Wednesday, September 26, 2007

The First Day of Creation-AhMbDvd

By Aharon Moshe (ben-Dovid) Sanders Sept 26, 2007



This short sequence of words contains some insights that I have come up with and wish to share with anyone who may have happened upon this site. the current concepts were heavily influenced and inspired by Tractate (Masechta) Chagigah. What follows is a sort of meta-anlaysis of the Parsha Bereishis, or borrowing jargon from theater arts, reading the subtext of Bereishis.



My reader my find that the analysis goes off into several different directions at the same time, much like the scientific description of the big bang has massive waves of energy fusing into all directions from some central point, the point itself never being adequately described.



My regular readers (send me an e-mail if you are out there) may notice I have been jazzing up this site with images, color text etc. A large mass of words without images tends to appear mundane. It is also within the nature of the typical internet surfer to view things briefly and only go on if something truly calls their attention.






The space above was intended fro an image, it may get upoaded maybe not.

The first line of Bereishis contains 7 words. The seven words correspond to the seven days of the week. The opening remark ends with Ha-Eretz, which is translated as the earth. I know none of this is Earth Shattering kind of content.
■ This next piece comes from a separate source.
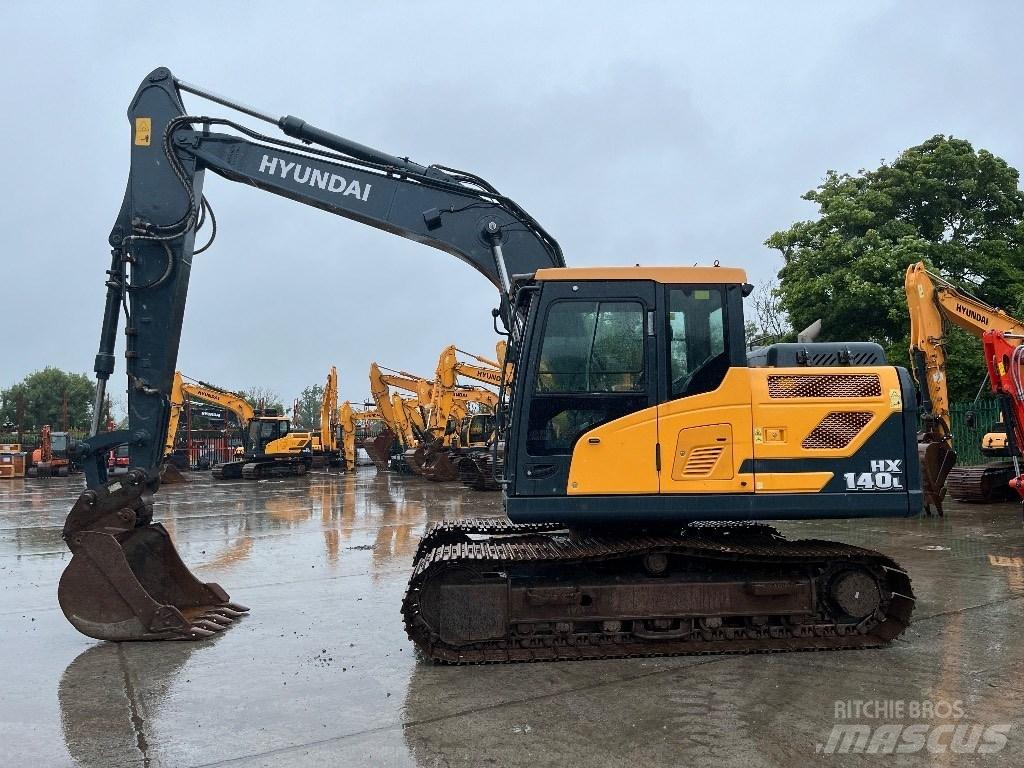 Hyundai HX140L 履带挖掘机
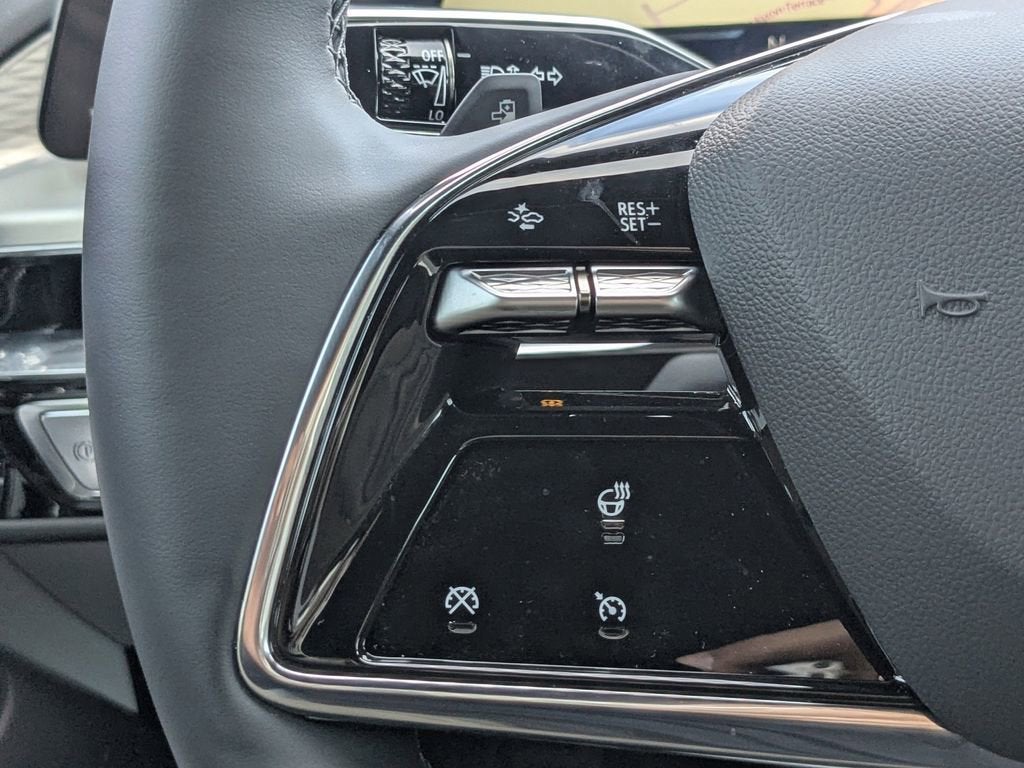 2025 Cadillac LYRIQ Luxury 1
The expalnation then continues with Ha-Eretz we can actually count the hebrew words that are contained within the 1st 5 lines of Bereishis. Try it each and every time there should be no surprise that there are 52.

So, we have the first sentence of Bereishis which contains seven words which sets an important cycle, the week. Then by the end of the Torah's description Bereishis 1-5, we have the completion of the first day of creation Yom Echod! I might be looking for holidays here but Yom Echod- the first day, seems like something worth celebrating.

The Torah gets these concepts out there in 52 words, which correspond to the 52 weeks of a year. All this of course in One Day of Hashem's creation!